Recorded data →
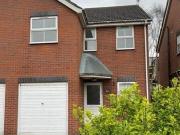 3 Bedroom Semi detached House For Rent In Southport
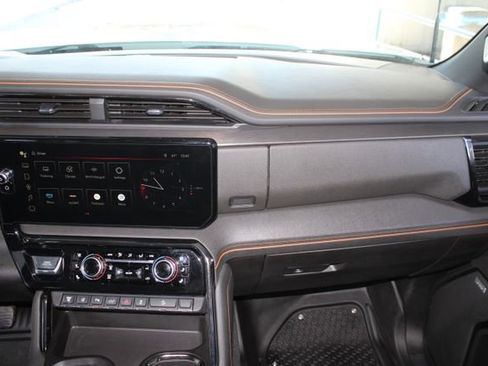 Used 2025 GMC Sierra 2500 AT4 w/ AT4 Premium Plus Package image 27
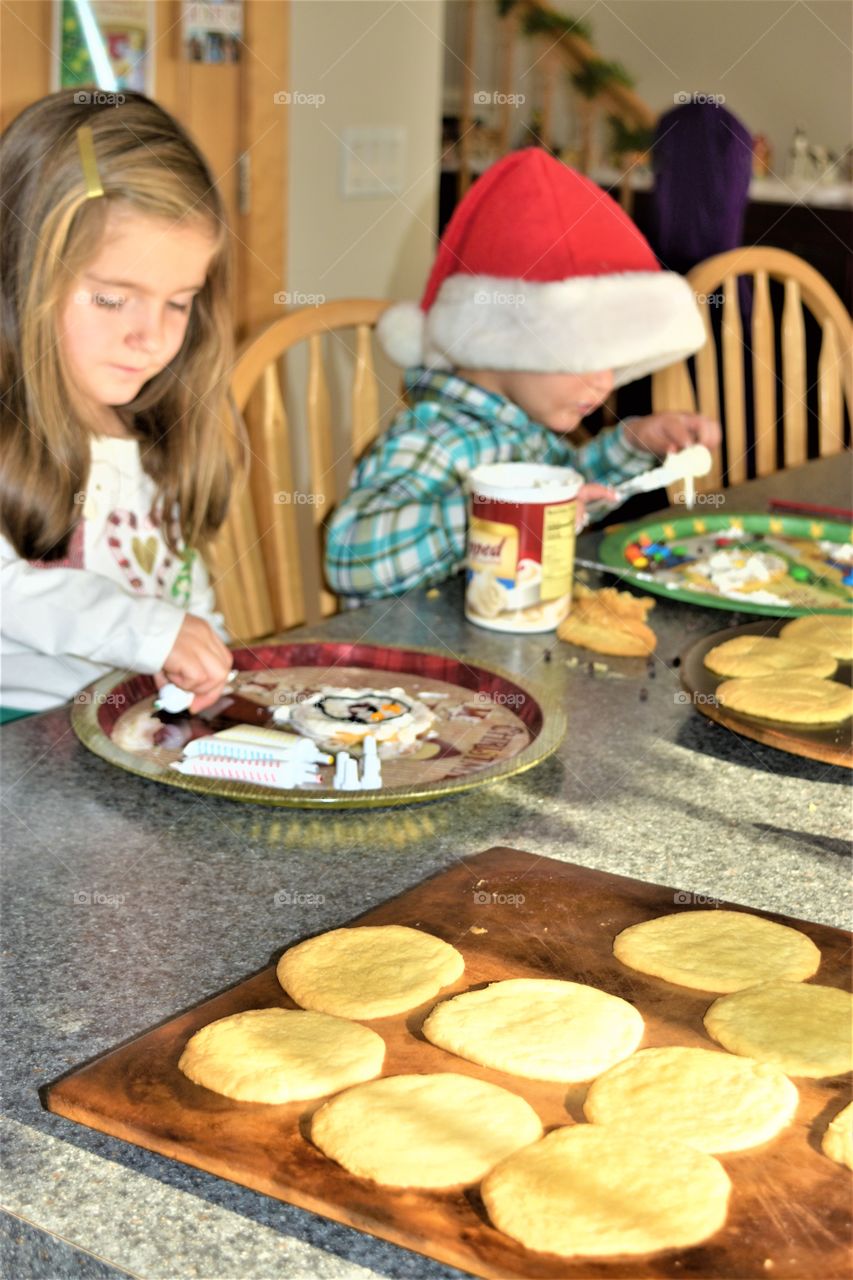 kids decorating cookies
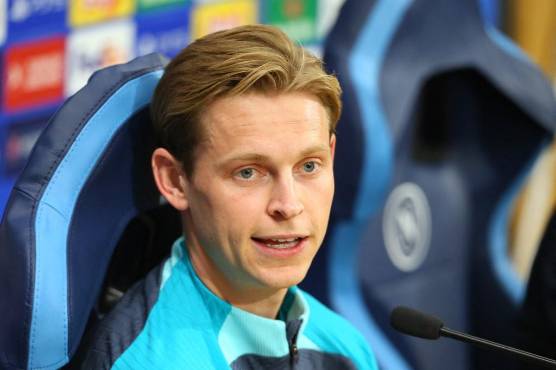 Frenkie De Jong estalla antes del juego contra Nápoles en Champions: “No estoy cobrando 40 millones, está muy lejos”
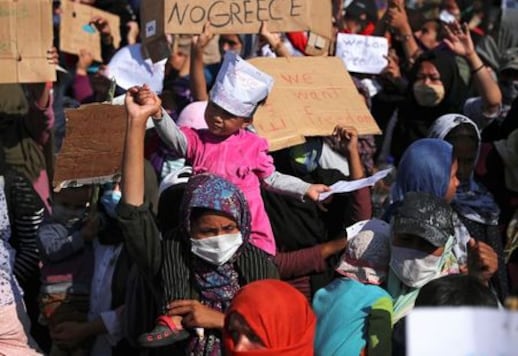 EUROPE-MIGRANTS-GREECE-LESBOS:Police fire teargas as migrants demand to leave Greek island after fire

WORK ITEM → Give back all of the data exactly, but not the pictures.

REPLY →
 3 Bedroom Semi detached House For Rent In Southport
 Used 2025 GMC Sierra 2500 AT4 w/ AT4 Premium Plus Package image 27
 kids decorating cookies
 Frenkie De Jong estalla antes del juego contra Nápoles en Champions: “No estoy cobrando 40 millones, está muy lejos”
 EUROPE-MIGRANTS-GREECE-LESBOS:Police fire teargas as migrants demand to leave Greek island after fire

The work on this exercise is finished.